Architecture
How a URL becomes a manifest, and how a manifest becomes five MCP tools.
Pinax is a single Go binary structured as a handful of focused packages.
Below is the pipeline a URL takes from pinax add to pinax serve,
followed by the on-disk layout.
The pipeline
A URL becomes a manifest, and a manifest becomes a set of tools. Pinax keeps the two halves loosely coupled - the on-disk manifest is the only contract between them - so each can change independently.
Add: URL → manifest
┌──────────────┐ ┌──────────────┐
URL ──────▶ │ crawler │──▶ │ preflight │──▶ manifest.json
└──────────────┘ └──────────────┘
llms.txt → density gate
sitemap → (samples, extracts,
bounded BFS refuses if thin)
pinax add runs discovery then a gate. The crawler tries llms.txt,
then sitemap.xml, then bounded BFS, and stops at the first strategy
that yields pages. The preflight gate then samples that page set,
extracts each sample to measure prose density, and refuses to write the
manifest when the site is mostly chrome.
Serve: manifest → MCP tools
manifest.json ──▶ BM25 index ──▶ mcp server ──▶ stdio / HTTP transport
list_docs
list_sections
search_pages
get_section_pages
get_page
pinax serve mounts every manifest under ~/.pinax/servers/ into a
single MCP server. Four of the five tools serve from in-memory state;
only get_page reaches the network.
Tool call: get_page lifecycle
agent
│
▼
get_page(url)
│
▼
┌─────────┐ hit
│ cache │ ─────────────▶ clean Markdown
└─────────┘
│ miss
▼
HTTP fetch
│
▼
extractor
(HTML/MD →
clean Markdown)
│
▼
cache.Set
│
▼
clean Markdown
Cached pages return immediately. On a miss, Pinax fetches the URL with
the configured User-Agent, runs the extractor to strip nav/footer
chrome and normalise HTML to Markdown, and stores the result in the
SQLite cache (WAL mode, TTL applied at read time) before returning it.
Discovery, in order
The crawler tries three strategies and stops at the first that yields a non-empty page list:
llms.txtprobe. Fetches/llms.txtat the host root. If present, every URL it lists becomes a manifest entry - no BFS at all.- Sitemap parse. Walks every URL declared in
/sitemap.xml(and any referenced sitemap indexes), filtered by the host. - Bounded BFS. Starts at the homepage, follows in-host links breadth-
first up to
--max-pages(default 1500), respects--excludefilters, bails on JS-heavy pages.

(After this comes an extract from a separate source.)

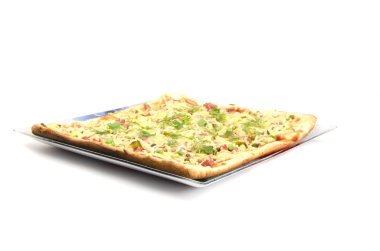 Beyaz arka planda pizza.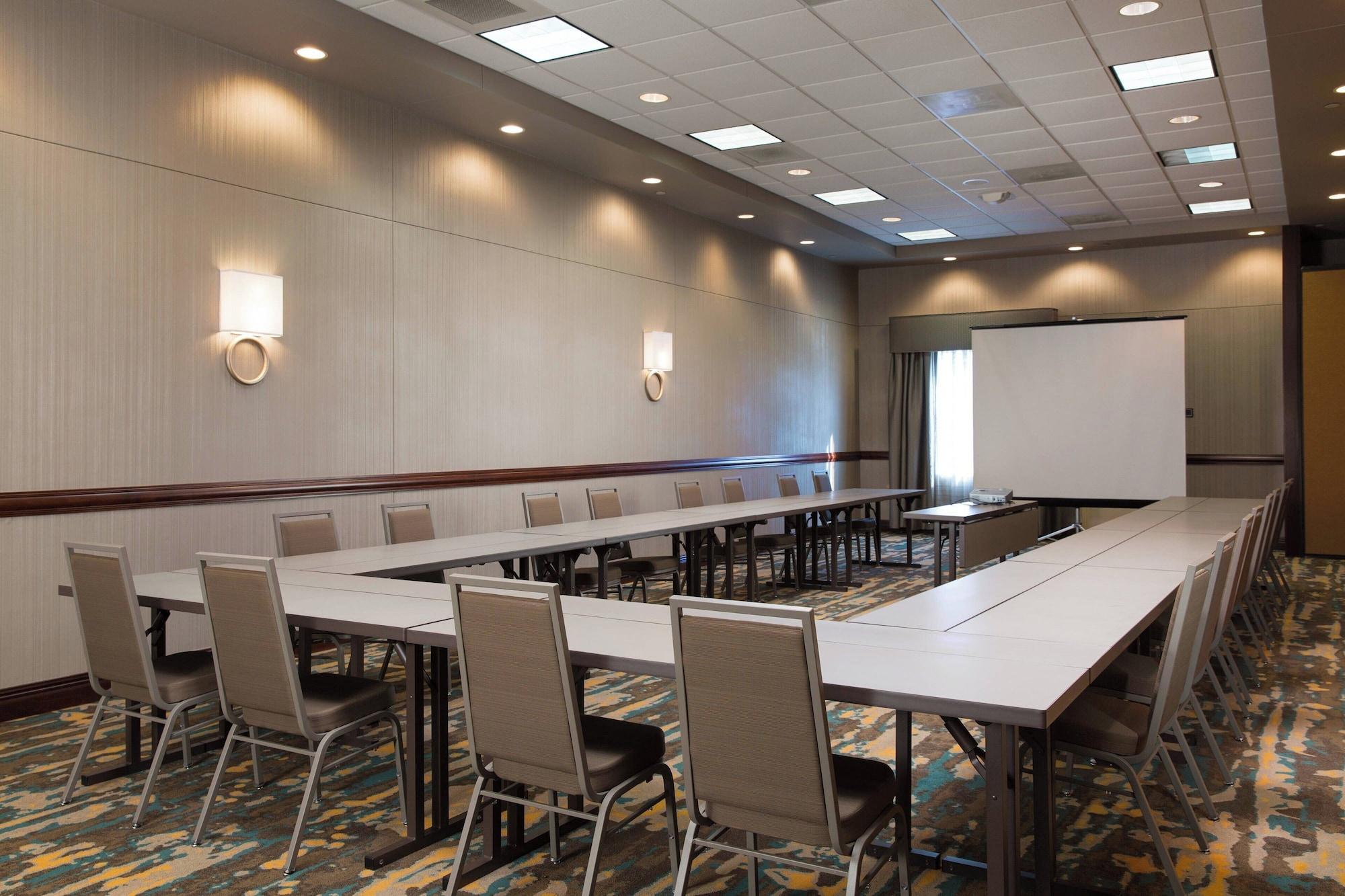 Sala de Reuniones Residence Inn by Marriott Kansas City Airport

All three strategies feed the same downstream pipeline. The crawler
records which strategy fired in the manifest so pinax doctor can warn
when a BFS-derived manifest has thin pages.
Extraction
The extractor turns whatever Pinax fetched into clean Markdown. It runs
in two places: inside preflight during sampling, and inside get_page
on every live fetch.
text/markdownresponses pass through with a light cleanup.- HTML is parsed, navigation/footer/cookie chrome is stripped, then converted to Markdown.
Page titles are not produced by the extractor - they come from the
crawler, which reads the HTML <title> element and falls back to a
URL-slug title when none is present (e.g. sitemap-only sites). Sections
are derived from URL path segments, not headings.
Manifest
~/.pinax/servers/<name>/manifest.json is the source of truth. It
contains:
- Base URL, display name, discovery strategy used, last-refresh timestamp.
- One entry per page: URL, title, and section path.
- The tag set (when added through the catalog).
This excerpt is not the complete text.